Etihad Airways, the national carrier of United Arab Emirates, recently announced plans to expand in the USA by launching an Abu Dhabi-Chicago route later this year.
Etihad began flying commercially in late 2003 following a royal decree that called for developing an international carrier based in Abu Dhabi, the capital of UAE and one of seven emirates that make up the oil-rich country.
Etihad — whose name means "United" in Arabic — has since become one of the fastest growing airlines in the world. Under the leadership of James Hogan, who joined the company as CEO in 2006, its global network has grown to 50 destinations and the carrier flew more than 6 million passengers in 2008, a 34% increase over the previous year. Etihad placed one of the largest orders in industry history when it signed orders with Boeing and Airbus at the Farnborough Air Show in 2007 for $43 billion worth of planes.
Meanwhile, the carrier has earned top ratings from Skytrax for its service and other industry awards for its cutting edge in-flight entertainment system.
Hogan was in the USA earlier this month to promote Etihad's new Chicago service, scheduled to start on Sept. 2. Chicago O'Hare will be its third North American destination, following Toronto and New York John F. Kennedy.
In an interview with USA Today, Hogan said the global economic crisis has dampened demand for first class seats, but its business class is "holding strong." And despite an industry-wide downturn in premium passenger traffic, Etihad, which has never been profitable, hopes to break even by 2010, he said.
•Etihad has been adding seats aggressively, but is it filling enough of them to make a profit?
In 2008, we increased our load factors by seven percentage points to 75.5%, a level which would be welcomed by many more mature carriers. In 2009 and 2010, we expect to see further improvements in these figures, helping us reach our goal of break-even by 2010.
•The Gulf carriers have been growing pretty dramatically. What's behind it?
Over recent years, Abu Dhabi, Dubai and Qatar have each realized the critical importance that a successful aviation sector can deliver to an economy. Each has invested in its airline.
Abu Dhabi sits perfectly between East and West.
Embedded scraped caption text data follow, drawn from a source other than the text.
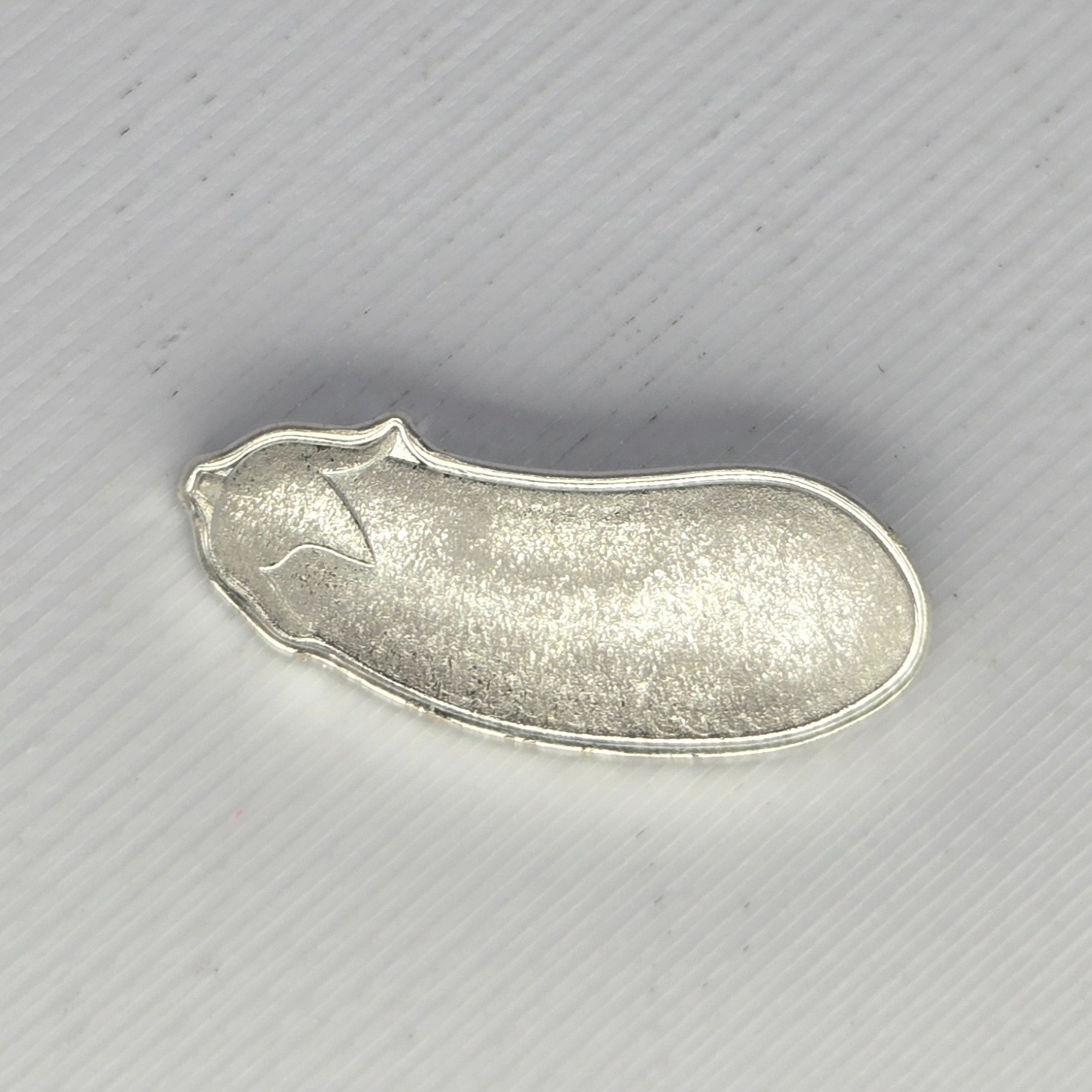 1 Gram Silver Eggplant .999 Fine Silver Fractional Bullion Hand Poured Style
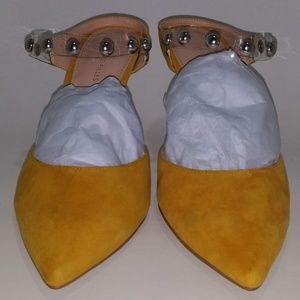 AVEC LES FILLES Mustard High Heel Slip-Ons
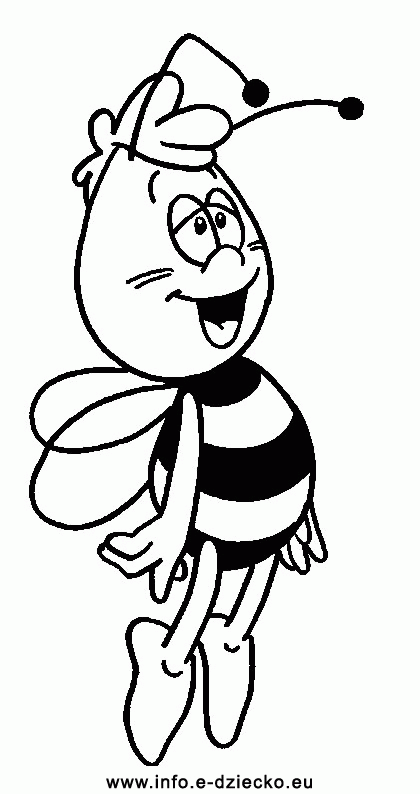 Pszczółka Maja kolorowanki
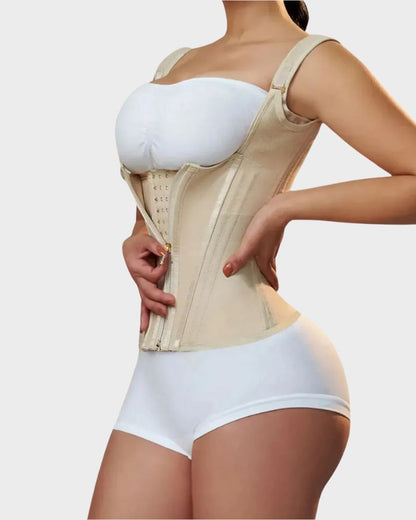 Double Waistband Corset Vest Waist Trainer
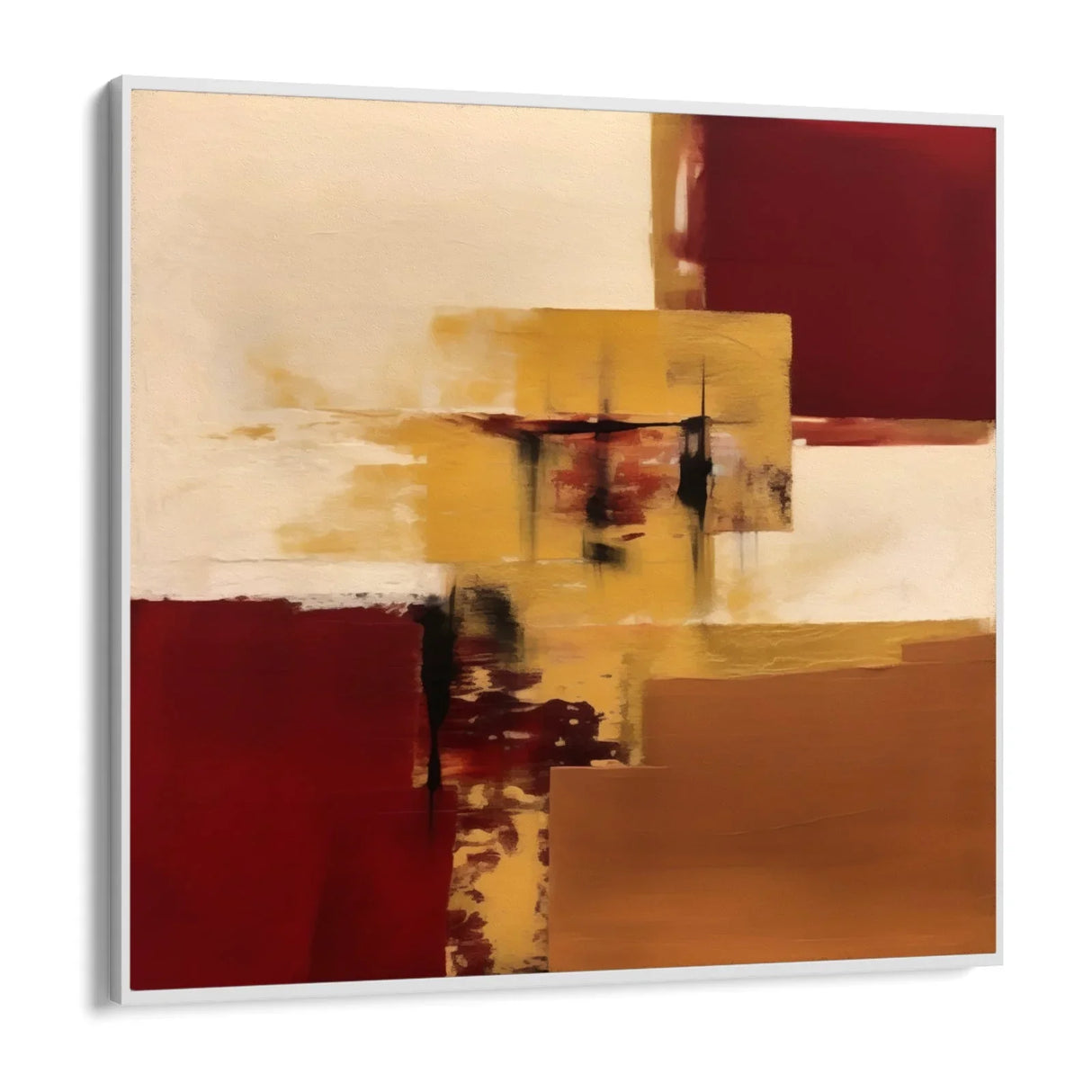 Quadro Stampa su Tela L'intensità del rosso - CupidoDesign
And within a few hours of flying time (from Abu Dhabi), we're reaching hundreds of millions of new air travelers in the growing economies. So even if no passengers ever chose to stop in Abu Dhabi, we could run a strong and globally competitive airline. But increasing numbers of passengers do choose to stop in Abu Dhabi.
Etihad's focus is very much can-do. The average age of our cabin crew is 23 or 24. They made a decision to leave their home and come to Abu Dhabi and work for us. It's a different mindset. When you live around the corner and go to work every day, you go home after 8 hours. Here, they're part of the Abu Dhabi story.
We want customers to say 'what a great airline. They're one step ahead.' We've seen it in the hotel sector and in Asian carriers.
•How worried are you about the global economic slowdown?
No airline can be immune to the current global financial situation and that includes Etihad. However, we are very well inoculated and I believe we can look forward with cautious optimism. We are a growing business, still on the upward curve. (We have) an ambitious expansion plan which will see us add more than 100 aircraft to the fleet over the coming 12 years.
Our business class is holding strong. With a corporate travel downturn, (passengers) used to flying first class (will see that) we're one of the few airlines with beds in business class (of our wide-body aircraft).
A major reason for that growth is the diversity of our customer base — premium business travelers, leisure travelers, labor traffic from Asia and the Indian sub-continent, and the regular religious pilgrimage traffic into Saudi Arabia.
Abu Dhabi has had strong GDP growth rates over the last five years. And even in the current global environment, (it) is expected to see continued growth.
•Some say you have an unfair advantage as a government-backed company. How do you respond?
We are a government-owned carrier. But we have been established and have to run as a commercial business. We get no state-funded handouts — no help with oil subsidies or deeply discounted landing charges at our home airport. We hedge fuel. We go to the markets in Europe, as well as to our local banks, to raise money.
•Etihad is a relatively unknown name in the USA. What do you plan to do to change that?
A: If you were to ask that question in a London newsroom, you'd have (asked) me a different (question). You don't develop a global brand overnight. We've been involved in sports sponsorships to help us project the brand. We're a sponsor of Ferrari Formula One racing team. We sponsored a premier sports stadium in Melbourne. It's called Etihad Stadium. In Ireland, we sponsored a game called hurling. We do have a track record of using sports. In America (we may) move in to some sort of sponsorship.
The U.S. presents a very important market for us. This market is largely untapped.